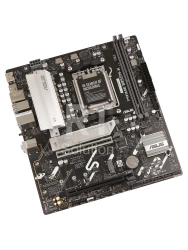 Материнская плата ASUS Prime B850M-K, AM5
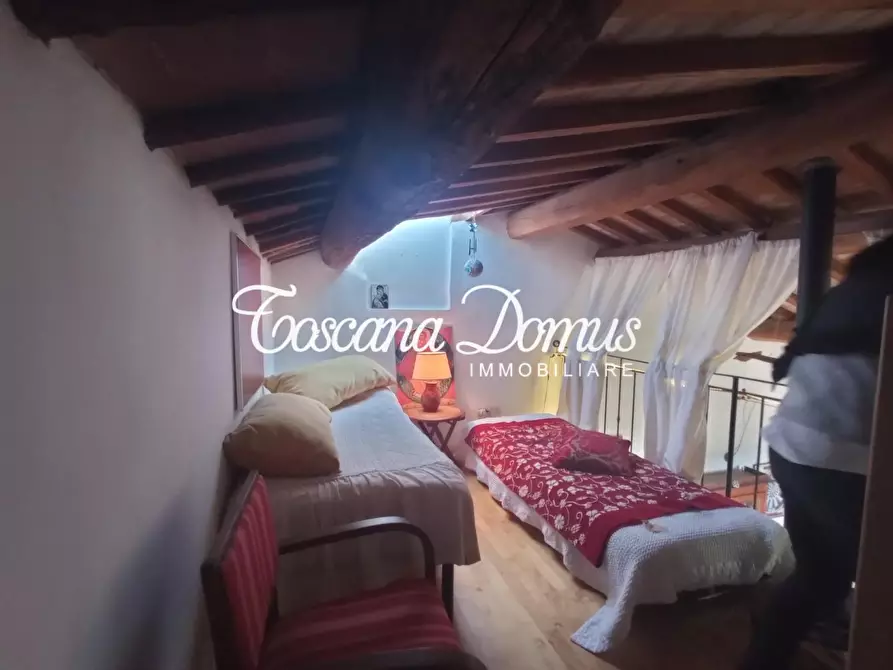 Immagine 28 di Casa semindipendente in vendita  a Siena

▬▬▬▬▬▬

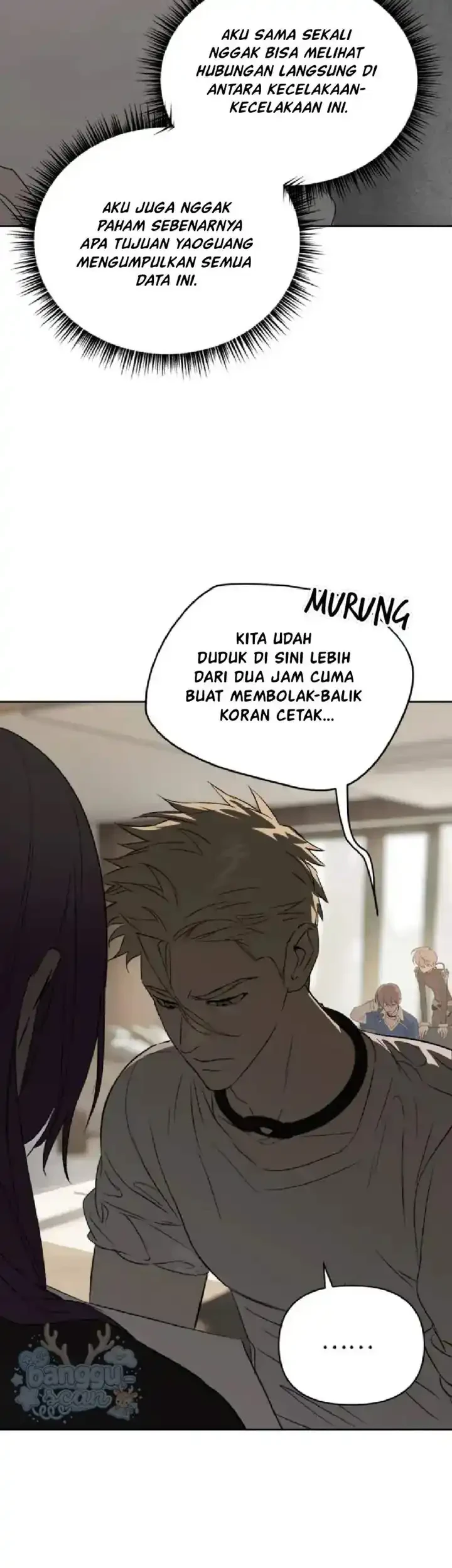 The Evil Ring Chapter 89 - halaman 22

▬▬▬▬▬▬

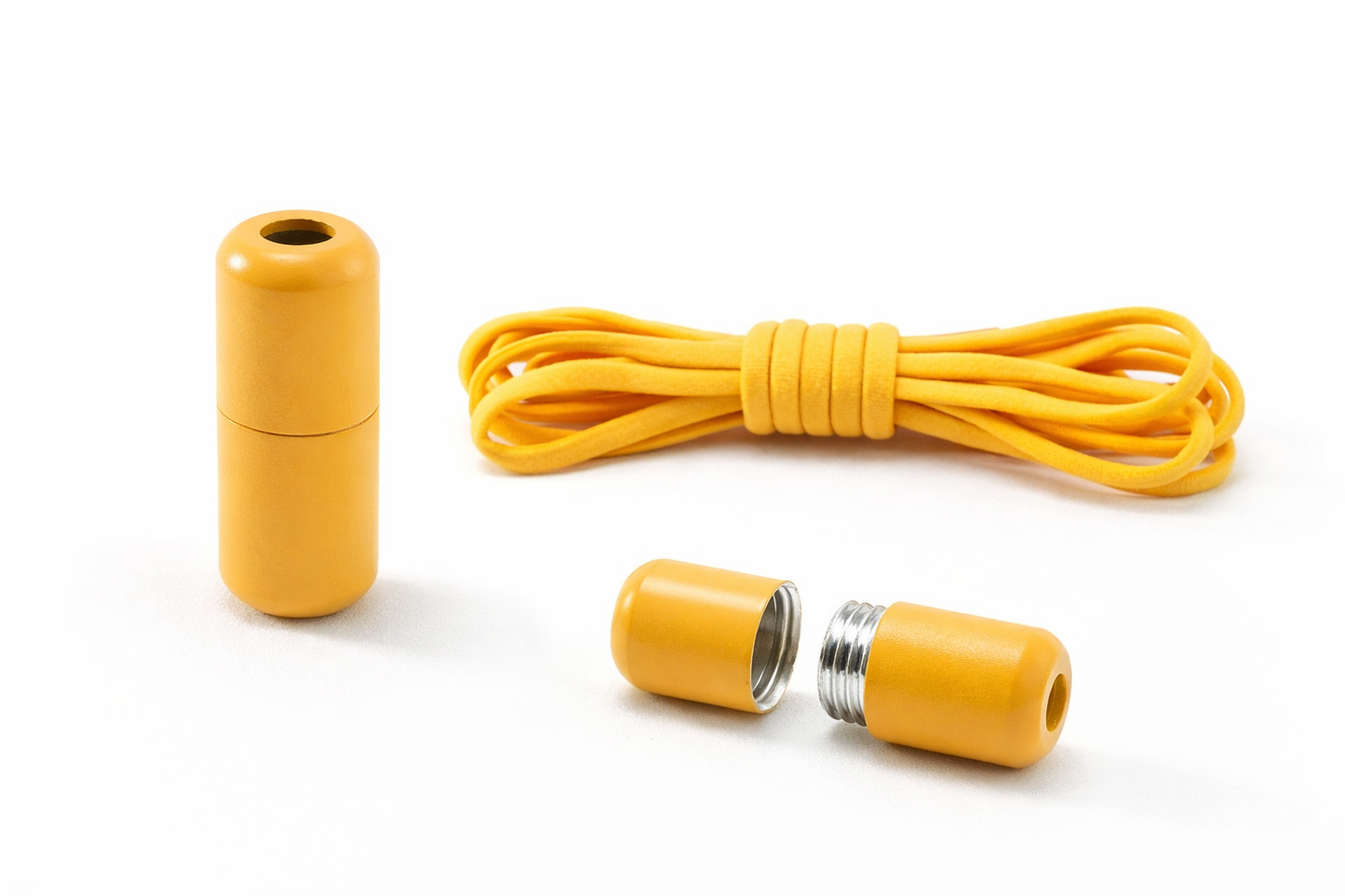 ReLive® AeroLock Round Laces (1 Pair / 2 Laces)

▬▬▬▬▬▬

### EXERCISE REQUIREMENTS
The expected output is the lines above from the one containing "Материнская плата ASUS Prime B850M-K, AM5" to the one containing "Immagine 28 di", both ends included, reproduced exactly with every picture left out.

### OUTPUT FOR THIS TASK
 Материнская плата ASUS Prime B850M-K, AM5
 Immagine 28 di Casa semindipendente in vendita  a Siena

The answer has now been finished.